Using observations from NASA's Stratospheric Observatory for Infrared Astronomy, SOFIA, researchers have found that the dust surrounding active, ravenous black holes is much more compact than previously thought.
Using observations from NASA’s Stratospheric Observatory for Infrared Astronomy, SOFIA, researchers have found that the dust surrounding active, ravenous black holes is much more compact than previously thought. Most, if not all, large galaxies contain a supermassive black hole at their centres. Many of these black holes are relatively quiet and inactive, like the one at the centre of our Milky Way galaxy. However, some supermassive black holes are currently consuming significant amounts of material that are being drawn into them, resulting in the emission of huge amounts of energy. These active black holes are called active galactic nuclei.

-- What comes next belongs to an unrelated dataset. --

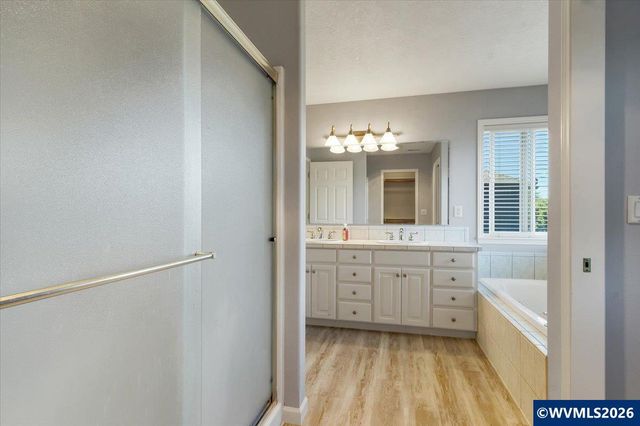 5450 Woodmill Dr SE, Salem, OR 97306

SOFIA flies above 99 per cent of the Earth’s water vapour, enabling the research group to characterise the properties of the torus-shaped dust structures at far-infrared wavelengths. “Using SOFIA, we were able to obtain the most spatially detailed observations possible at these wavelengths, allowing us to make new discoveries on the characterisation of active galactic nuclei dust tori,” said Lindsay Fuller, graduate student at the University of Texas San Antonio and lead author of the study.

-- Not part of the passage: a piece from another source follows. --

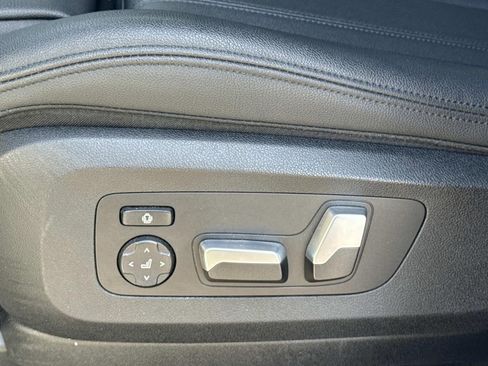 Used 2019 BMW X5 xDrive40i w/ Convenience Package AWD/4WD image 17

Previous studies have suggested that all active galactic nuclei have essentially the same structure. Models indicate that active galactic nuclei have a donut-shaped dust structure, known as a torus, surrounding the supermassive black hole. The team observed the infrared emissions around 11 supermassive black holes in active galactic nuclei located at distances of 100 million light years and more, and determined the size, opacity, and distribution of dust in each torus.
In a paper published in the Monthly Notices of the Royal Astronomical Society, the team said that the tori are 30 per cent smaller than predicted and that the peak infrared emission is at even longer infrared wavelengths than previously estimated. The implication is that the dust obscuring the central black hole is more compact that previously thought.